Ask HN: How to start a job - jztein

It's my first software engineering internship, at a medium-large software company where the code base is enormous and company jargon flies over my head most of the time. I'm getting used to it, but was wondering, from either perspective:
1. What do you wish new hires would do?
2. How do you fit in and make an impact at your team/ company as effectively as possible?<p>I just wanted to know if HN had any advice.<p>Thanks in advance.
======
helen842000
Ask, ask, ask. I used to struggle with asking for help. I'd ponder over
something way too long when the person sitting next to me could tell me in 2
seconds.

Here are some points that helped me and may help you :-

1) Every time you think of a question, write it down.
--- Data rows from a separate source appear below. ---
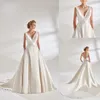 Vestidos de novia S Simple Satin A-Line Vestidos en V Ruffles Backless Country Batas Vestidos de barrido Train Largo Custom Hecho de playa Vestido de novia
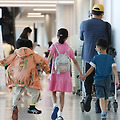 3자녀 이상 다자녀 가구 공항 우선출국…6월 '패스트트랙' 도입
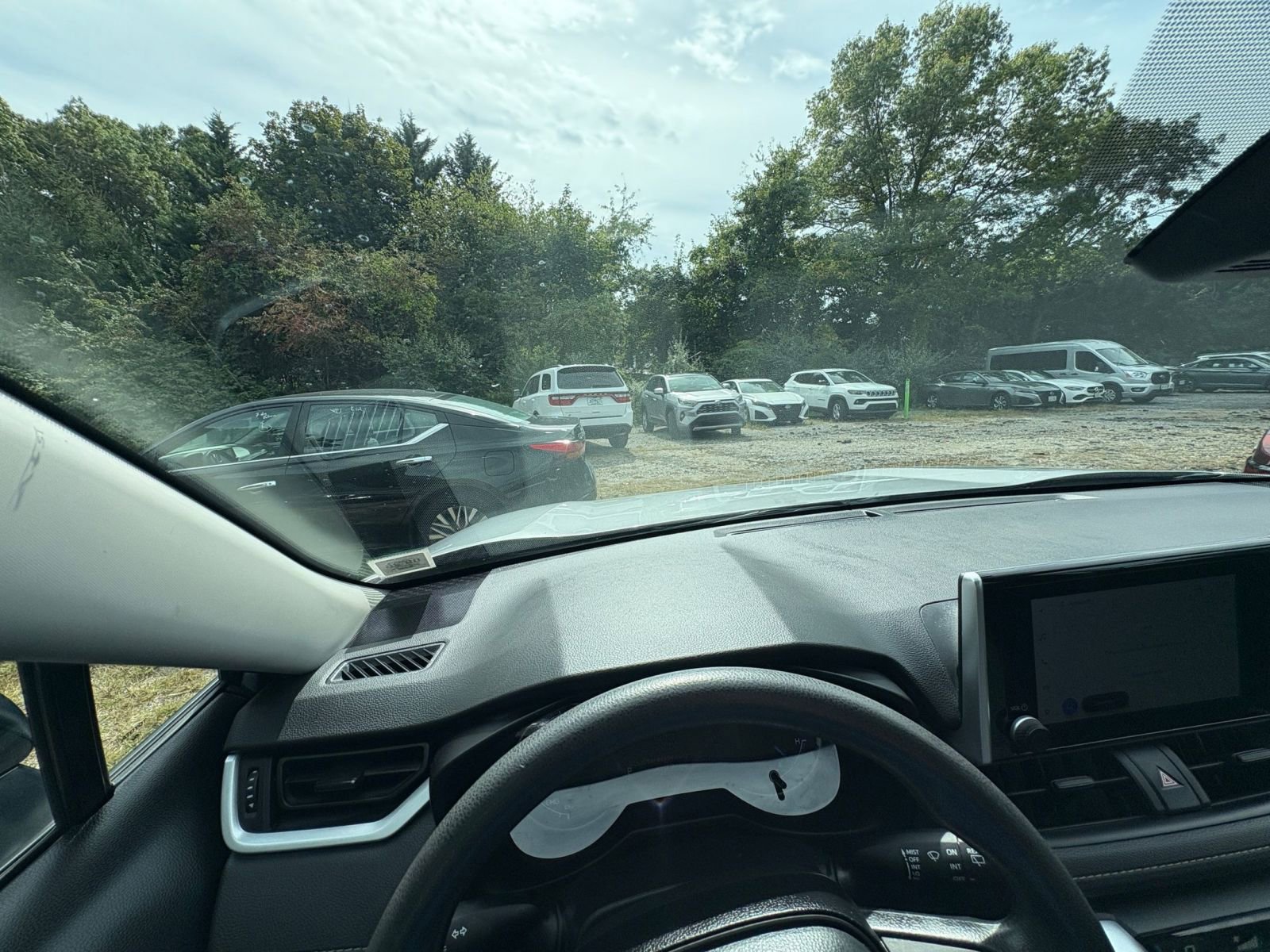 Thumbnail: 2024 Toyota RAV4 - 32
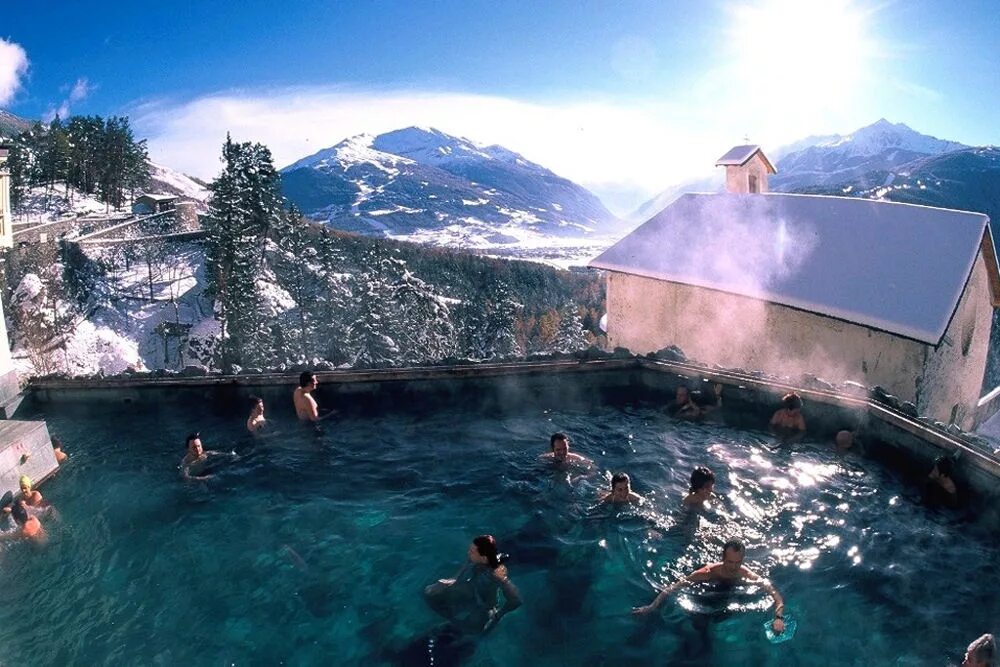 Лейкербад термальный курорт. Bormio Терме. Курорт Лейкербад Швейцария. Термы Бормио Италия.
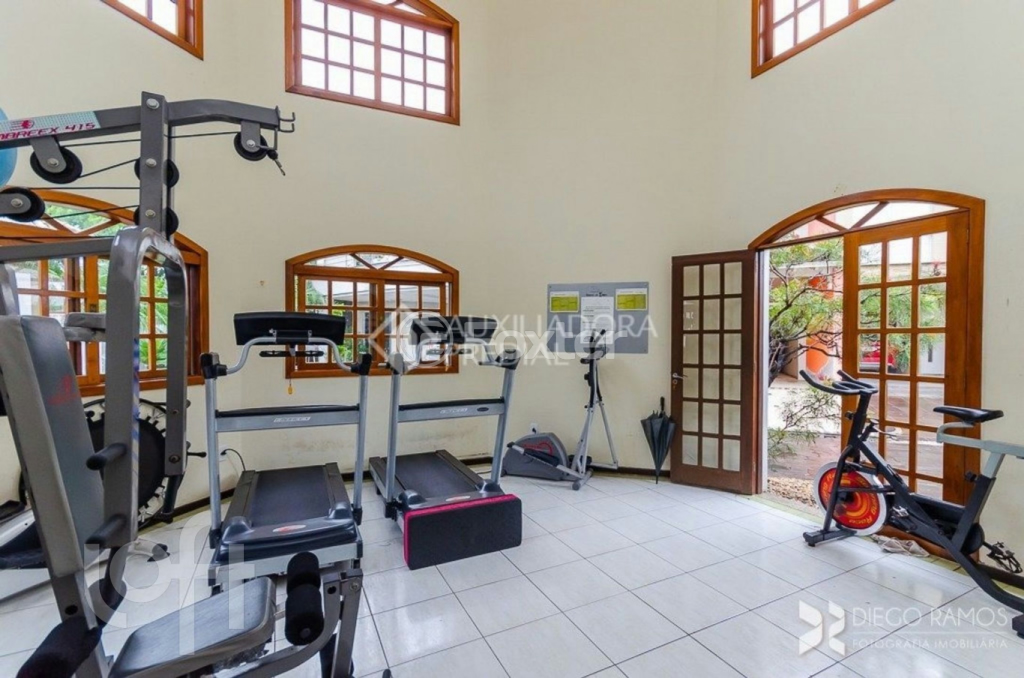 Casa à venda com 3 quartos, 210m² - Foto 40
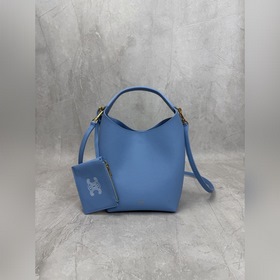 新品上線  CE 全新HOBO 手袋 軟fufu的天然小牛皮，油潤光澤感拉滿，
If it's not the right
time to ask now - when it is, you'll have them to hand.

2) If you're stuck with something consider where are the places you'll likely
find help on it. When you go to ask a colleague, point out that you've tried
here, here & here but still aren't sure and could they point you in the right
direction. There's a big difference between helping you out and thinking for
you. Ensure that with each problem you're taking a few investigative steps of
your own.

3) Ask people to draw diagrams for you. Ask people in general conversation the
same questions and compare their answers. Some people explain things in really
awesome ways & some don't. Some have just 'lived' it that long it's second
nature.

4) Keep organised documentation. When I'd learn a new process, I'd write it up
& keep it in my file. It calms the feeling over overwhelm knowing that you are
building your own backup. Also some tasks only need to be done every few weeks
so there's limited opportunity to practice and notes from your first go will
be very welcome.

5) Be enthusiastic and ask to sit in on conversations or discussions where
possible.

6) Don't ever ever be afraid of asking someone to clarify something. It can be
intimidating in a bigger company to say "could you just run that by me again"
or "how do you spell that?" but it can save a lot of misunderstanding down the
line - Terminology is key to be able to look up information at a later date.

Hope your internship goes well for you!

------
stevenameyer
Being at my 4th development internship (as part of my schooling) There are 3
pieces of advice i would give you.

1)Ask as many questions as you need, but find times that don't interfere with
others too much. Your an intern, they understand that you are learning and
expect to help in your learning process, especially since this is your first.
As long as your not bugging everyone every minute you should be fine.

2) Read files in the codebase as much as possible. Someone mentions a bug in a
file at a stand up? Go read the file. Someone mentions a funny comment made is
one of the files? Go read the file. Slow day and you don't know what to do?
Read as many files as possible. The first time you get access to a large
codebase it can overwhelming, but the more you sit down and become familiar
with each file, you will become more and more familiar with it. There is no
replacement for just sitting down and becoming friends with the codebase.

3) Out work everyone. In my opinion the way you overcome a lack of knowledge
is by putting the work and time in. If it takes you twice as long to do
something but you work for twice as long per day you end up with the same
output. Now this is an unrealistic example but you get the idea. If you are an
intern and out work everyone, you will impress.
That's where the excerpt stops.